Herman Joshua D, Roca Rachel E, O'Neill Alexandra G, Wong Marcus L, Goud Lingala Sajan, Pineda Angel R
Manhattan College, Department of Mathematics, The Bronx, New York, United States.
University of Iowa, Roy J. Carver Department of Biomedical Engineering, Iowa City, Iowa, United States.
J Med Imaging (Bellingham). 2024 Jul;11(4):045503. doi: 10.1117/1.JMI.11.4.045503. Epub 2024 Aug 13.
Recent research explores using neural networks to reconstruct undersampled magnetic resonance imaging. Because of the complexity of the artifacts in the reconstructed images, there is a need to develop task-based approaches to image quality. We compared conventional global quantitative metrics to evaluate image quality in undersampled images generated by a neural network with human observer performance in a detection task. The purpose is to study which acceleration (2×, 3×, 4×, 5×) would be chosen with the conventional metrics and compare it to the acceleration chosen by human observer performance.
We used common global metrics for evaluating image quality: the normalized root mean squared error (NRMSE) and structural similarity (SSIM). These metrics are compared with a measure of image quality that incorporates a subtle signal for a specific task to allow for image quality assessment that locally evaluates the effect of undersampling on a signal. We used a U-Net to reconstruct under-sampled images with 2×, 3×, 4×, and 5× one-dimensional undersampling rates. Cross-validation was performed for a 500- and a 4000-image training set with both SSIM and MSE losses. A two-alternative forced choice (2-AFC) observer study was carried out for detecting a subtle signal (small blurred disk) from images with the 4000-image training set.
We found that for both loss functions, the human observer performance on the 2-AFC studies led to a choice of a 2× undersampling, but the SSIM and NRMSE led to a choice of a 3× undersampling.

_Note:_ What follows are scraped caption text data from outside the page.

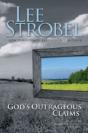 God'S Outrageous Claims - Preview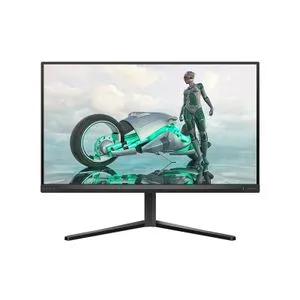 Philips 27M2N3200A/00 Full HD Gaming monitor 27"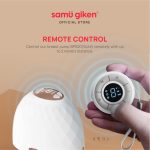 BPS20SLIM_Content_140823-09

For this detection task using a subtle small signal at the edge of detectability, SSIM and NRMSE led to an overestimate of the achievable undersampling using a U-Net before a steep loss of image quality between 2×, 3×, 4×, 5× undersampling rates when compared to the performance of human observers in the detection task.
近期研究探索使用神经网络重建欠采样磁共振成像。由于重建图像中伪影的复杂性,需要开发基于任务的图像质量评估方法。我们将传统的全局定量指标与人类观察者在检测任务中的表现进行比较,以评估神经网络生成的欠采样图像的质量。目的是研究使用传统指标会选择哪种加速倍数(2倍、3倍、4倍、5倍),并将其与人类观察者表现所选择的加速倍数进行比较。

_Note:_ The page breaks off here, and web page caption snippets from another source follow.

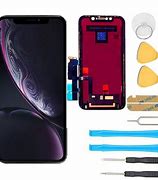 Image result for iPhone XR Repair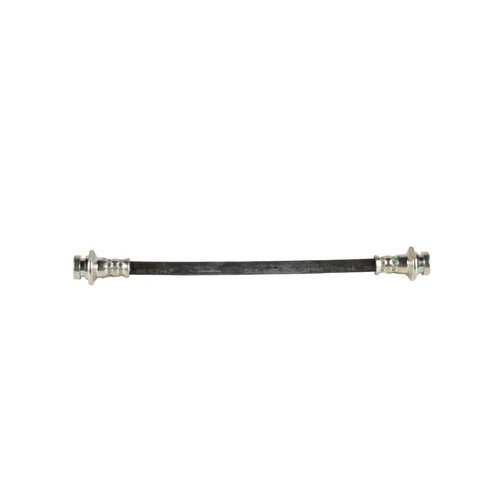 DBA Street Series Brake Hose - DBAH2634 Replacement Hose Brake Parts Auto Part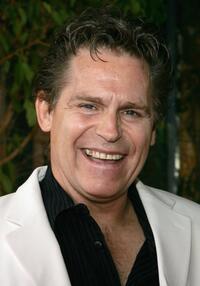 Jeff Conaway at the premiere of "It's Always Sunny In Philadelphia."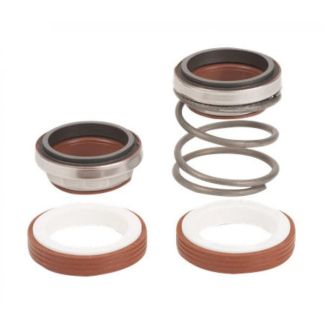 15035, WET SEAL ASSEMBLY VITON/CERAMIC 3" PUMP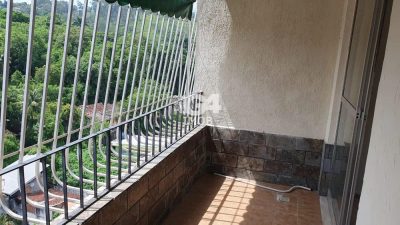 Apartamento, 2 quartos, 138 m² - Foto 3
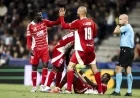 Brest Predicted Lineup Against PSG: Ludovic Ajorque in Starting XI as Kamory Doumbia Sidelined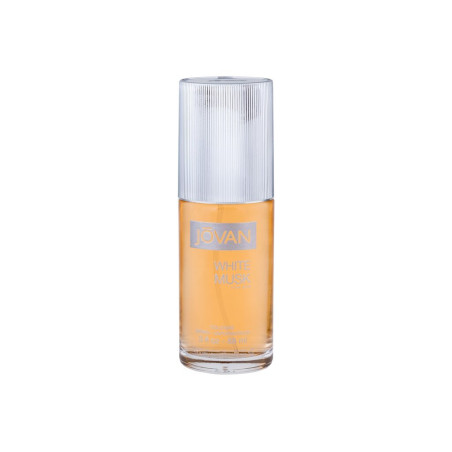 Jövan Musk EDC 88ml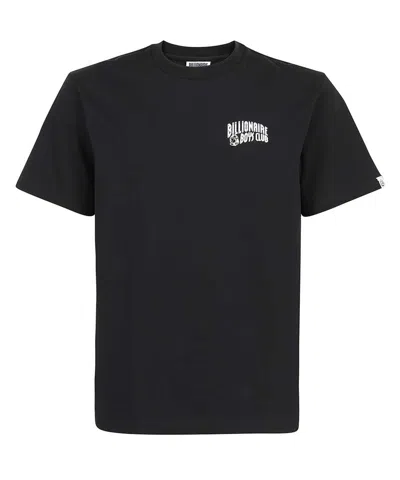 BILLIONAIRE BOYS CLUB COTTON T-SHIRT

我们使用常见的全局指标来评估图像质量:归一化均方根误差(NRMSE)和结构相似性(SSIM)。将这些指标与一种图像质量度量进行比较,该度量结合了特定任务的细微信号,以便进行局部评估欠采样对信号影响的图像质量评估。我们使用U-Net以2倍、3倍、4倍和5倍的一维欠采样率重建欠采样图像。对包含500张和4000张图像的训练集进行了交叉验证,同时使用了SSIM和均方误差(MSE)损失。针对从4000张图像训练集生成的图像进行了二选一强制选择(2-AFC)观察者研究,以检测细微信号(小模糊圆盘)。
我们发现,对于两种损失函数,在2-AFC研究中人类观察者的表现导致选择2倍欠采样,但SSIM和NRMSE导致选择3倍欠采样。
对于此在可检测性边缘使用细微小信号的检测任务,与检测任务中人类观察者的表现相比,在2倍、3倍、4倍、5倍欠采样率之间图像质量急剧下降之前,SSIM和NRMSE导致高估了使用U-Net可实现的欠采样。